RECORDS SUPPLIED: Begin

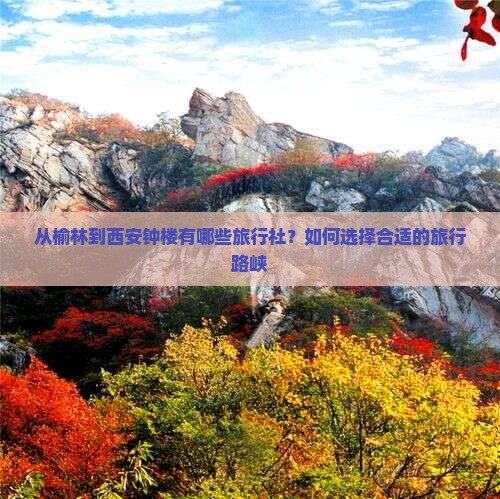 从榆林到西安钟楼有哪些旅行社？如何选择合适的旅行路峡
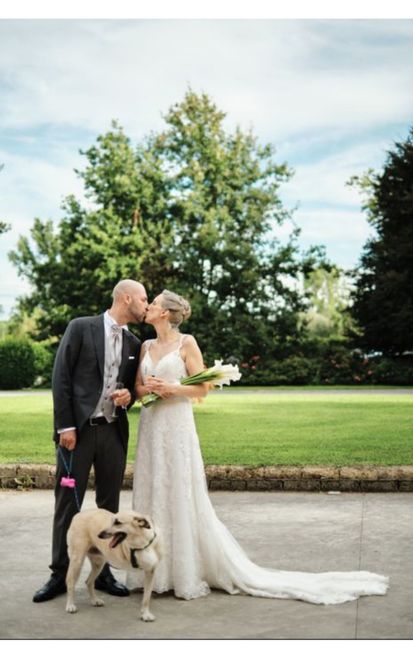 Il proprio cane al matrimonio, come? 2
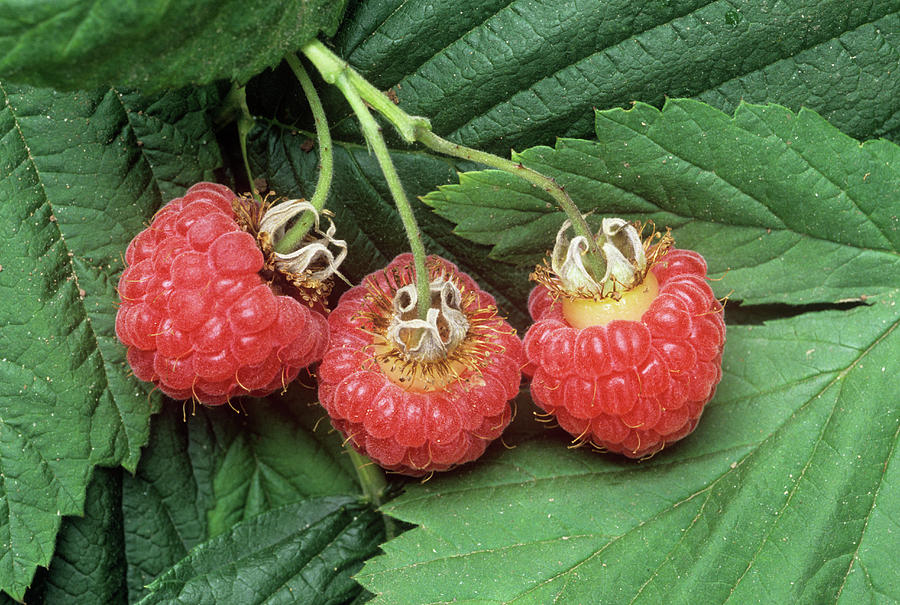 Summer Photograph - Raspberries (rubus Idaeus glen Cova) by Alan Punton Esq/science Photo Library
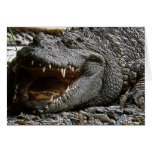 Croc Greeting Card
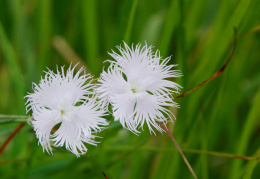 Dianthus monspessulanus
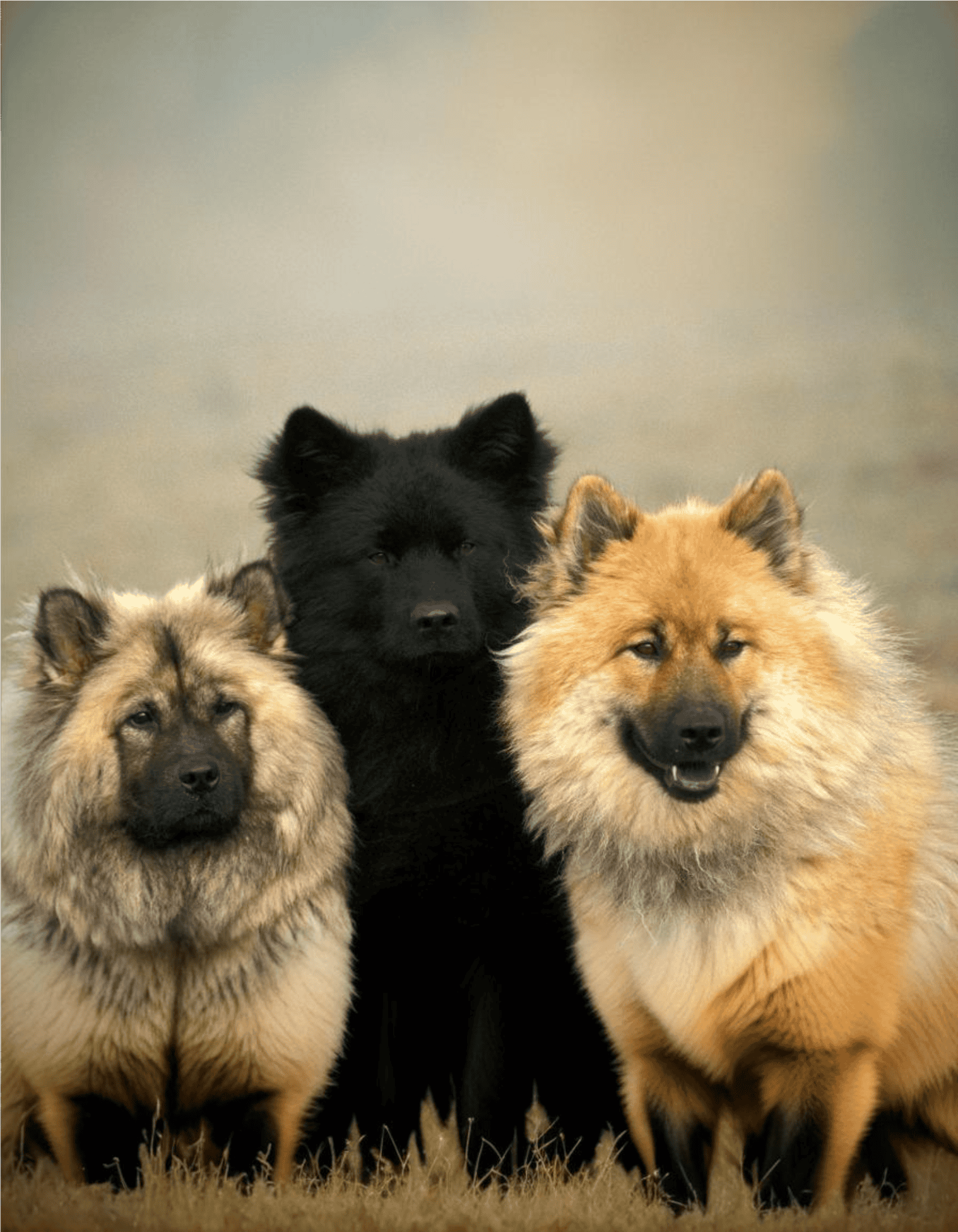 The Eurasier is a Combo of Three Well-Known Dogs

RECORDS SUPPLIED: End

The response should be the lines from the one containing "Croc Greeting Card" through the final line of the records, reproduced exactly and with every picture left out.

ANSWER BOX =
 Croc Greeting Card
 Dianthus monspessulanus
 The Eurasier is a Combo of Three Well-Known Dogs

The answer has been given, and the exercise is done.